Outside the nuclear sphere, an Iran that accepted such an agenda would no longer be the Islamic Republic. Indeed, John Bolton wouldn't have any problem with that agenda; he would simply disagree with Cohen that it is possible to get Tehran to accept, through diplomacy, such thoroughgoing revision of its(internal as well as external) political orientation. Likewise, Parsi and NIAC once again favor diplomacy -- but they stipulate, see here, that American engagement with Tehran must include "human rights as a core issue."

This is strategic and diplomatic nonsense. Sino-American rapprochement would never have worked had Nixon and Kissinger made human rights a "core issue"; U.S.-Iranian rapprochement won't work on that basis either. Insisting that Iran "end all threats to Israel" -- when, in fact, the Islamic Republic has never threatened to attack Israel while Israel assassinates Iranian scientists and routinely threatens to bomb Iranian nuclear facilities -- is a formula for failure.
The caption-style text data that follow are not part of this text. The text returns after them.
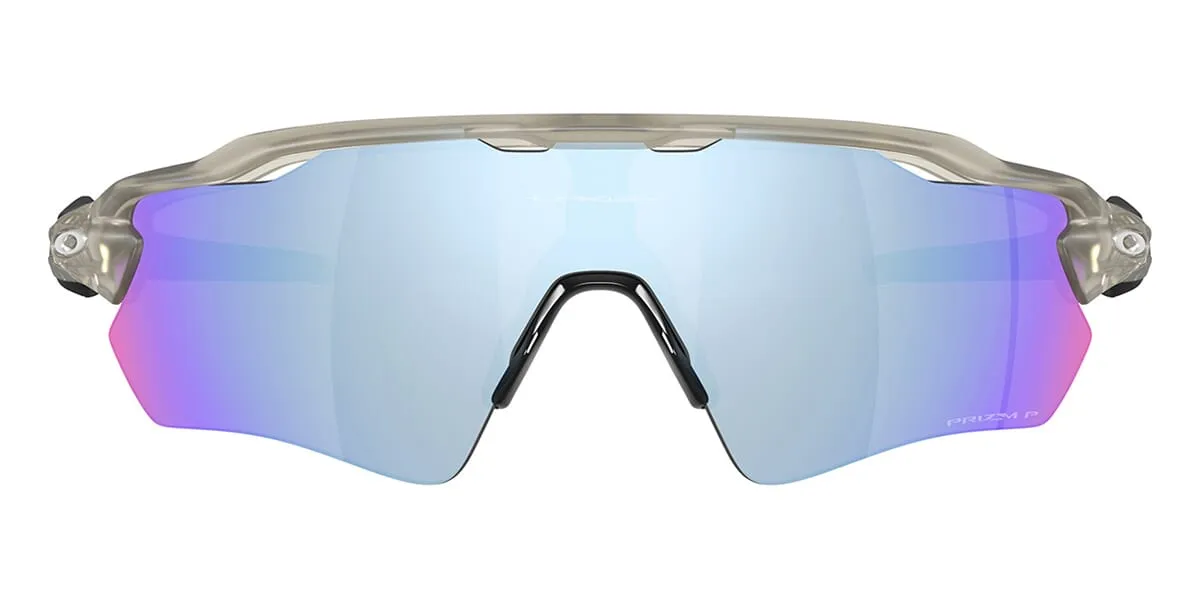 Oakley Radar Ev Path OO9208 F6 Prizm Polarised
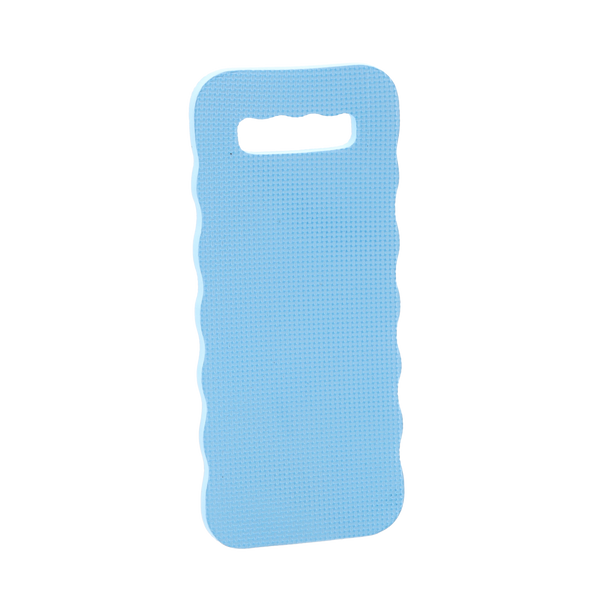 GARDEN KNEEL PAD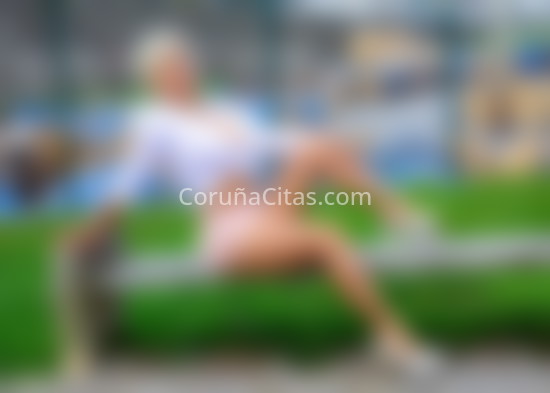 Luna, colombiana madura. 602586228. Citas en A CORUÑA, A CORUÑA. www.coruñacitas.com.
However much they may cringe at the term, the liberals' commitment to what might be described as a strategy of "soft" regime change in Iran is clear. In his latest Op Ed, Cohen quotes Rockefeller Brothers' Fund president Stephen Heintz as saying that he avoids "the phrase 'diplomatic solution' in conversations about Iran on Capitol Hill" in favor of "'political solution.' Diplomacy just sounds too wimpy." For Heintz, it undoubtedly does. For theRockefeller Brothers Fund has provided funding to Parsi's NIAC to conduct "nonpolitical trainings" for Iranian oppositionists, see here -- just as the Rockefeller Brothers Fund supported efforts to encourage political change in the former Yugoslavia and color revolutions in former Soviet-bloc states. (Also -- and, we suspect, not coincidentally -- the Rockefeller Brothers Fund underwrote Ali Ansari's substantively flawed "scholarly" work to delegitimate the Islamic Republic's 2009 election.)

We are all in favor of a "political solution." But such a solution requires real rapprochement between the United States and Iran, based on American acceptance of the Islamic Republic as a legitimate political entity representing real (and legitimate) national interests. It would seem that liberals are not any more inclined toward a genuine political solution than neoconservatives are.